In a live press conference First Lady Michelle Obama discussed an exciting announcement in regards to the ‘Let’s Move‘ campaign and the ‘Partnership for a Healthier America’ who have begun to seek a solution to reverse the epidemic of childhood obesity. The Healthy Weight Commitment Foundation, comprised of 16 food companies, have pledged to cut one trillion calories from the food they sell, and change products to reduce calories, fat, sugar, sodium and portion size.
The four main pillars of the Let’s Move program are to make schools healthier, increase the amount of physical activity children get at school and at home, give parents the information to make healthy decisions, and increase access to food for all families.
It seems one major component the plan lacks is nutrition education for the children. You can teach a parent, a school, or a food company how to help backtrack the obesity epidemic, but shouldn’t the “victims” be targeted for education too? If children are given a choice in the foods they eat, and explained to why things are “good” or “bad” rather than just that they are simply labeled, they will have the necessary information to make informed decisions. Throughout life, people are told what to do and how to do it, but without an explanation. Why do something?
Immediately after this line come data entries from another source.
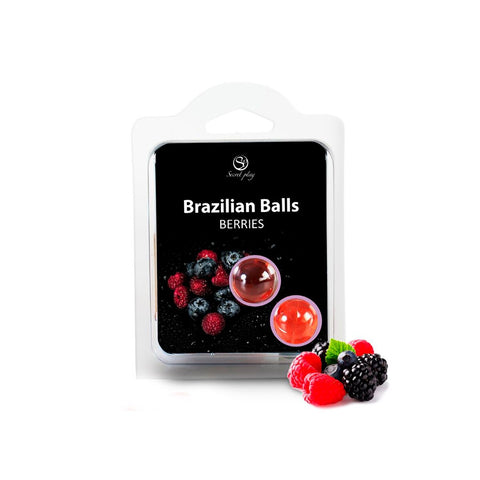 Lubrificante Secret Play Frutti rossi 4 ml 2 Pezzi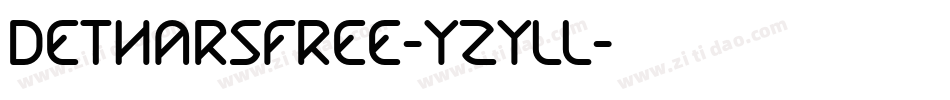 DetharsFree-YzylL字体转换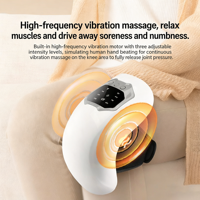 Meistverkauftes Fußwärmetherapie-Massagegerät Intelligenter Wärmeschutz für Füße, Knie und Beine Kniebandage mit Rotlicht-Vibration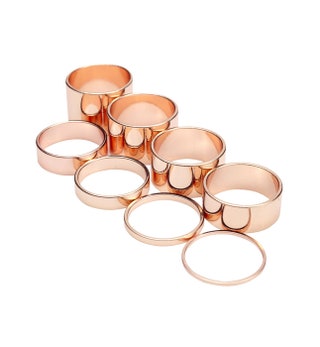 Металлические кольца 450 руб. за набор Lady Collection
How will it benefit you and make you healthier? With this information it seems one would have the motivation to follow through with health suggestions.
Additionally, there is the myth, constantly perpetuated, that a healthy lifestyle is time consuming. In the address, the First Lady said the following:
“Now, we all know how important it is to eat less sugar and fat and more fruits and vegetables and whole grains. But we also know that sometimes it’s just easier to grab something quick and easy at the market.”
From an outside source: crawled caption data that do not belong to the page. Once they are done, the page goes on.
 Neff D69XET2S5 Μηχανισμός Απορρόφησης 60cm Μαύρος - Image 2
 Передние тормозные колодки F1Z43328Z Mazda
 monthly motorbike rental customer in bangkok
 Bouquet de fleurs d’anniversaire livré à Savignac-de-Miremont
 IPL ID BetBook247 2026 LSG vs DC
The comment that it’s easier to grab something from the market is only partially true. The many misconceptions about time and health are tossed about. Eating healthy is not time consuming. And, even if it isn’t instantaneous in terms of preparation, you are saving time, money, and effort in the long run by providing yourself and your family solid nutrition to keep illness at bay. While microwaving a frozen meal is easy, it’s equally easy to toss lettuce into a dish and sprinkle with leftover chicken from last night. If cooking is truly not an option, opt for the multitude of salad bars found in most grocery stores and pick nutritious options, like a bed of lettuce with chopped fruits and a balsamic dressing.
Cost is another issue. How do we make healthy food more affordable? How can we drive down the cost of highly nutritious healthy food so it can compete with less healthy foods and foods with little nutrition for the calories? Dr. Oz recently showed on TV how several healthy foods were under $1 per serving (quinoa, Greek yogurt, sugar snap peas, and fruit). One of his “wellness warriors” blogged about it too.
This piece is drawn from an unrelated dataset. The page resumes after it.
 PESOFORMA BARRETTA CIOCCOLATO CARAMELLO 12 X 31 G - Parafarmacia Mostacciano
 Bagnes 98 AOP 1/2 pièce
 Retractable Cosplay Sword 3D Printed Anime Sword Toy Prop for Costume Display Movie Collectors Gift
This recent announcement that certain food companies have pledged to cut calories, sugar, and sodium is long overdue, but only a small step. The pledge will cut the one trillion calories from food products by 2012 and 1.5 trillion calories by the year 2015. Creating healthier processed foods is a good move, as inevitably people will opt for them. But the best solution would be to have people move away from processed foods towards fresh produce.